Par la magie du verbe, il a réussi à ranimer l'espoir, mais, dès qu'il a voulu passer aux actes, on a vu qu'il était totalement paralysé. La révolution culturelle du changement qu'il a provoqué se heurte aux forces bénéficiaires du régime, qui veillent à l'immobilisme - garant de leurs intérêts. Il n'y a pas pire ennemi des rentes de situation que le libéralisme. Bouteflika a manqué de stratégie dans la mise en œuvre de ses intentions. Le changement reste à l'état rhétorique, sans se traduire dans les textes et les lois. Et force est de constater que le président a moins de poids que ses généraux majors. Il n'a pas été capable de muter les décideurs. Face à lui, l'état-major reste soudé.

Une lecture moderniste de l'islam est-elle possible en Algérie comme en Iran ?

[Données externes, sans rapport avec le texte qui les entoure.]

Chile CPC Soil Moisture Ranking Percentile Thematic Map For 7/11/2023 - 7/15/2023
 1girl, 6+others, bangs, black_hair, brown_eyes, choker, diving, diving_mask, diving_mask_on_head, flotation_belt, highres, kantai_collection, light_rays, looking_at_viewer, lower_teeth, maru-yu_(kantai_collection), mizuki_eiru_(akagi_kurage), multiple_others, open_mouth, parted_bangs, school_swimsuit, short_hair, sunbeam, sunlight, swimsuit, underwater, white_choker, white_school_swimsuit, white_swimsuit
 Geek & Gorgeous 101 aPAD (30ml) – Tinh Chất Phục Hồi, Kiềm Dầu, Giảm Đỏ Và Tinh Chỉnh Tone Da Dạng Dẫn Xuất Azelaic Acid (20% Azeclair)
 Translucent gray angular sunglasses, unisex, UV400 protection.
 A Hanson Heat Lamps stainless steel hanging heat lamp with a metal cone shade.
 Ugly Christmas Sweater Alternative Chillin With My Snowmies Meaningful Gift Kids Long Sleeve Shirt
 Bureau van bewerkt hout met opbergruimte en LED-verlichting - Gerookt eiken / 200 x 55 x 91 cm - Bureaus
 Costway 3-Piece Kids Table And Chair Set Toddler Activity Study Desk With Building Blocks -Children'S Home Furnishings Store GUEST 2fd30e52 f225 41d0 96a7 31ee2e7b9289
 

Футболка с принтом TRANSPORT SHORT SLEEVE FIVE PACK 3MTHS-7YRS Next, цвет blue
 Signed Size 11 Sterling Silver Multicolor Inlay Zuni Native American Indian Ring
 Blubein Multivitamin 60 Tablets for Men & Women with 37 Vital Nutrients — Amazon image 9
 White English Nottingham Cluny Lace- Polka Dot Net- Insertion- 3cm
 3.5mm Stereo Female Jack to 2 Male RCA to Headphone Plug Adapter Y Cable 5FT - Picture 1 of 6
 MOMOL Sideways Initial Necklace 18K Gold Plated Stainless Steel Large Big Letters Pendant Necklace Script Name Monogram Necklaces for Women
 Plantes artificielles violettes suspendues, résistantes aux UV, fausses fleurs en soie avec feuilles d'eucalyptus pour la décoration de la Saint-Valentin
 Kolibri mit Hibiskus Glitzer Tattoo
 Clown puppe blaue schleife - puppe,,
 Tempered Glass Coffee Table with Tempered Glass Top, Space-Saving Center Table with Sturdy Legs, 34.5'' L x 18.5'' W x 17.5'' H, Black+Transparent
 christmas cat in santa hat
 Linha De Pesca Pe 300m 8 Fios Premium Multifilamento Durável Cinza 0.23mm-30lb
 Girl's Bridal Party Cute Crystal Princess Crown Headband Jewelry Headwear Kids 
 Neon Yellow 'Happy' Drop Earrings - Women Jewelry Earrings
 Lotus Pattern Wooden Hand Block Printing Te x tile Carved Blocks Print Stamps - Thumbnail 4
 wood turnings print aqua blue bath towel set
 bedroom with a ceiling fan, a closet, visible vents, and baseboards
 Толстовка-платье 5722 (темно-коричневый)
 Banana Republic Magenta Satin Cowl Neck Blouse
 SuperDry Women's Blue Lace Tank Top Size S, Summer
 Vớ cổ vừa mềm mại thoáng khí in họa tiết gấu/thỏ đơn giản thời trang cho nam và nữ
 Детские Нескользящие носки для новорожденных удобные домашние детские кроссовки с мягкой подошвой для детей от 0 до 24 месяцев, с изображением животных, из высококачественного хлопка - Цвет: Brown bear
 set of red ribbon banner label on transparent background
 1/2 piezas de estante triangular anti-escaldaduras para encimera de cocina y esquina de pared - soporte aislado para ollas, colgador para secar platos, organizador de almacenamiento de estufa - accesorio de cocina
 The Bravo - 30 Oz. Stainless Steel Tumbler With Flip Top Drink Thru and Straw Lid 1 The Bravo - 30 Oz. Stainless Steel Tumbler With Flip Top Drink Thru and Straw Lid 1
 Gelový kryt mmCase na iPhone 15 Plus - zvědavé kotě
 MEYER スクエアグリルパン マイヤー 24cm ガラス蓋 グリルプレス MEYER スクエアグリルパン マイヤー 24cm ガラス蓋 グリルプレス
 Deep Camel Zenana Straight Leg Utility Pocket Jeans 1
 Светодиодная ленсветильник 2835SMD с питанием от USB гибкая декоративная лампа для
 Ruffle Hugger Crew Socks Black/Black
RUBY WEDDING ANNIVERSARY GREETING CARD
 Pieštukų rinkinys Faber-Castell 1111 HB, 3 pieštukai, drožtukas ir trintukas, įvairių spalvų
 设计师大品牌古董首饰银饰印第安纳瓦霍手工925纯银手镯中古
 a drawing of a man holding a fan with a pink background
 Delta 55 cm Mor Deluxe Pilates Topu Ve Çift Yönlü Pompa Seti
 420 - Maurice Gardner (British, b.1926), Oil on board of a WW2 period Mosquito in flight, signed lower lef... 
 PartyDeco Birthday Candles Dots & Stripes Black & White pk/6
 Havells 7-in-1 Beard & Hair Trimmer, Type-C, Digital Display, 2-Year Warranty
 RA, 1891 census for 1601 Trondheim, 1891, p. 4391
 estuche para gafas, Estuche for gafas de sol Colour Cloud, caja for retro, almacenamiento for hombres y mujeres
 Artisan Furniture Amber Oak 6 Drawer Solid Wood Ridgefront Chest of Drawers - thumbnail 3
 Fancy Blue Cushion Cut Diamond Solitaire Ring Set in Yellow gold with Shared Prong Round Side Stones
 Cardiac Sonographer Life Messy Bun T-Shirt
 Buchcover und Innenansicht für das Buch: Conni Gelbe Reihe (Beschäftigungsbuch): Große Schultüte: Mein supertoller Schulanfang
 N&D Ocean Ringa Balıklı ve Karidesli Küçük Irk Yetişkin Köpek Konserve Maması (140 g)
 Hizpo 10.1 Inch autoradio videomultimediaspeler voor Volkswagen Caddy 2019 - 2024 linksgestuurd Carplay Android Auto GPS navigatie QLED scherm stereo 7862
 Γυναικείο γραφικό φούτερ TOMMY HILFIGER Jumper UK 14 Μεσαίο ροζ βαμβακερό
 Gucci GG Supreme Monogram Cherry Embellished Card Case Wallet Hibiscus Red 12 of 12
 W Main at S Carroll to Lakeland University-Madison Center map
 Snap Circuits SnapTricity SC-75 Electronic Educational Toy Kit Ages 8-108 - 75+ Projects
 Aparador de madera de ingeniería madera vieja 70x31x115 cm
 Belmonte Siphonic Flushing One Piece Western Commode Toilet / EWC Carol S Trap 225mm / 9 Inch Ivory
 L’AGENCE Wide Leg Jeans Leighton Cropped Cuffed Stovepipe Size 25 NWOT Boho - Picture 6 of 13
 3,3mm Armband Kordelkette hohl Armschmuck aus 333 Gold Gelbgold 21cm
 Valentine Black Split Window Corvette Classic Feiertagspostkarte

En Iran, elle a réussi à se faire entendre, car elle est née au sein de la mollarchie, c'est-à-dire du clergé. En revanche, dans le monde sunnite, cette tentative est le fait de musulmans éclairés, tel l'intellectuel égyptien Nasr Hamed Abou Zeïd, qui veulent adapter l'islam à l'esprit du temps. Ils sont frappés d'ostracisme par les radicaux, acharnés à maintenir la lettre du texte. En Algérie, non seulement il n'y a pas de grands oulémas, mais la doctrine extrémiste est importée d'Egypte et d'Arabie. La révolte algérienne où se manifestait, à la fin des années 80, une alliance entre la bourgeoisie pratiquante et les pauvres n'était pas d'esprit islamiste. C'était un désir de changement. En Iran, une telle alliance a réussi à s'emparer du pouvoir uniquement parce que le chah a pris la fuite. Tous les chefs d'Etat arabes ont retenu la leçon. Quel que soit le prix à payer, ils répriment.